- **HOW TO COMPLETE THIS TASK**:
Ignoring the pictures, copy the data exactly.

- **COLLECTED DATA**:

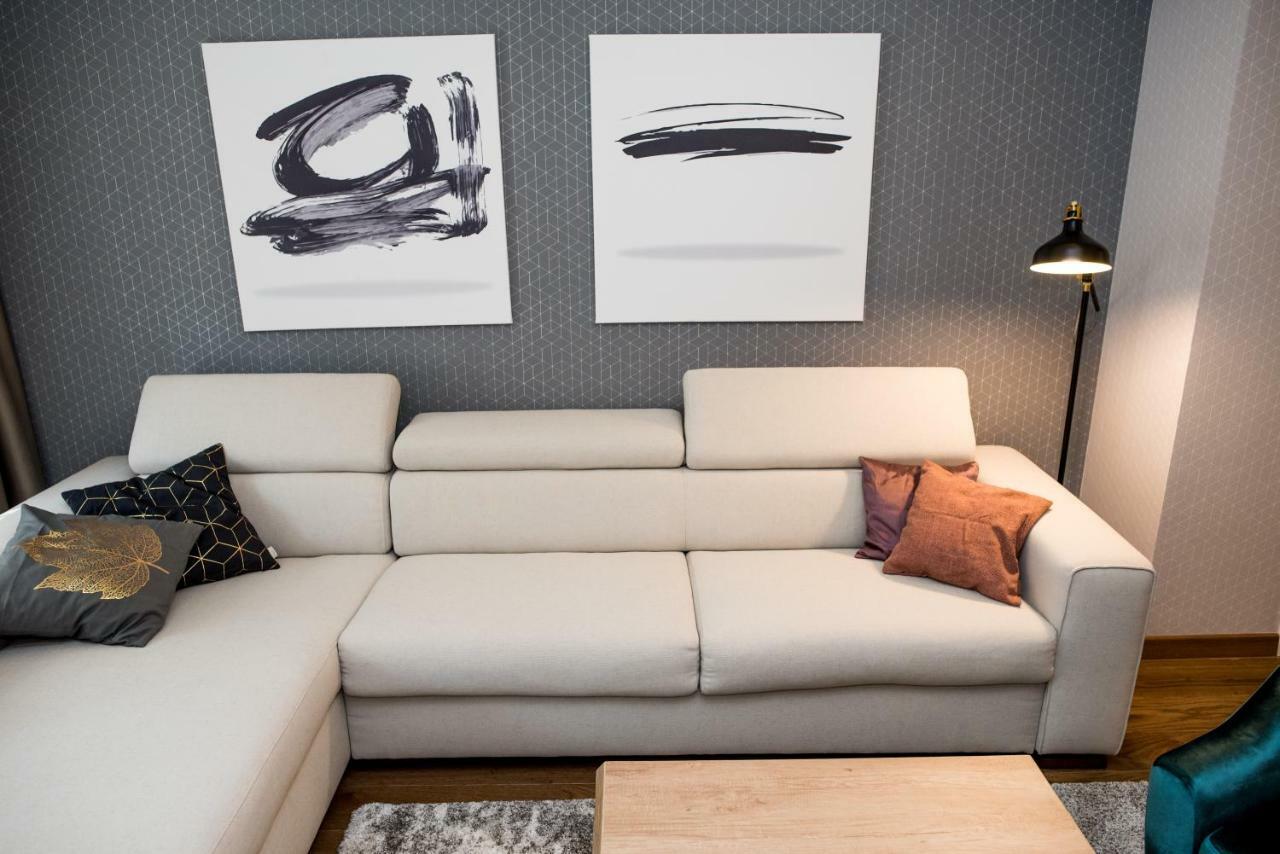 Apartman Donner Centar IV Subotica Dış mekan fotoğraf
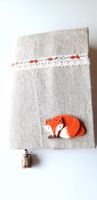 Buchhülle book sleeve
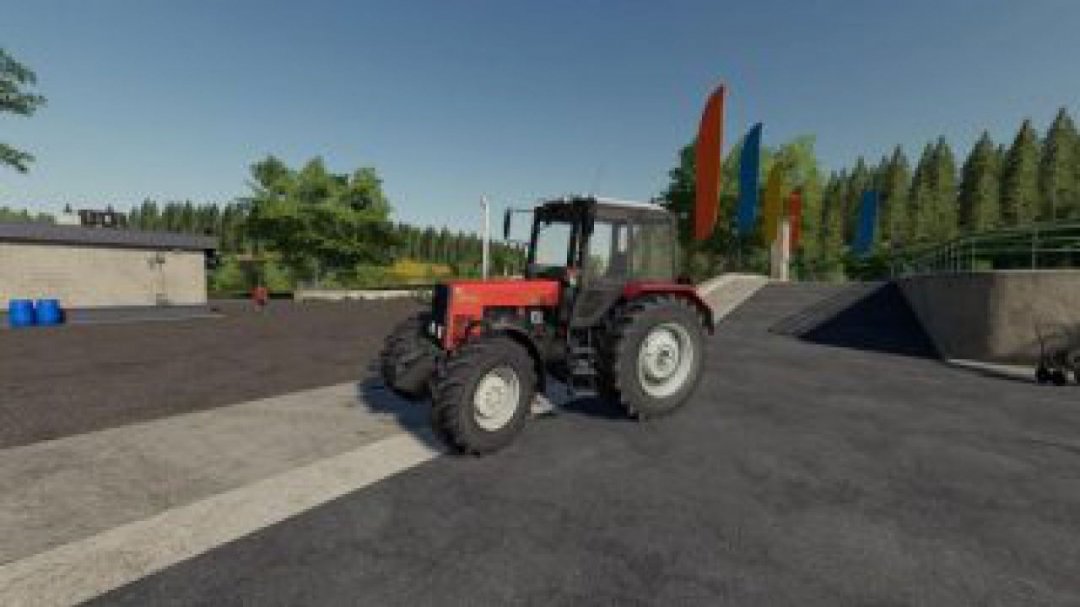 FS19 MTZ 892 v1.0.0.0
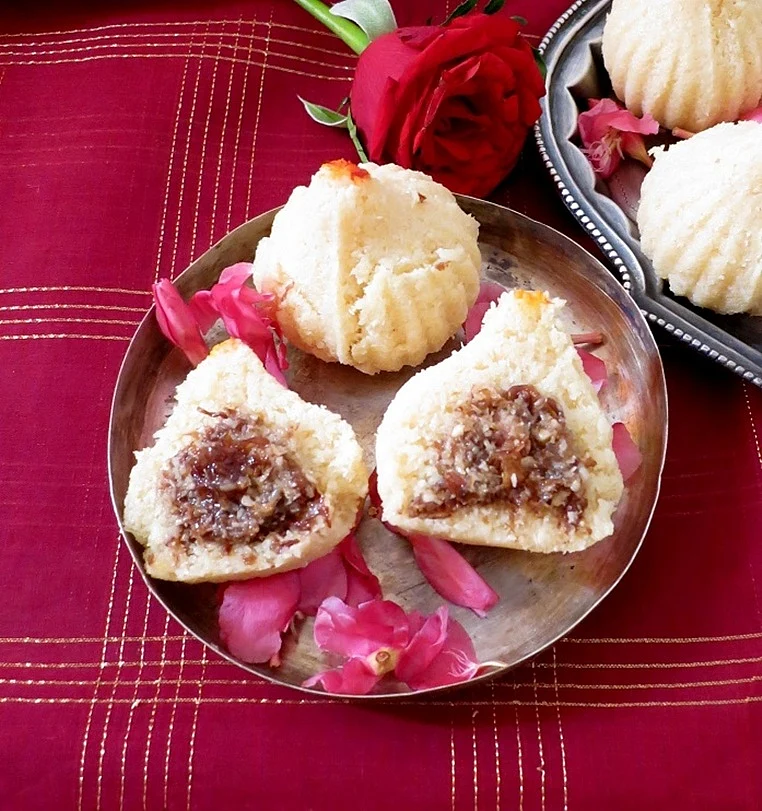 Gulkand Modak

- **PROBLEM SOLUTION**:
 Apartman Donner Centar IV Subotica Dış mekan fotoğraf
 Buchhülle book sleeve
 FS19 MTZ 892 v1.0.0.0
 Gulkand Modak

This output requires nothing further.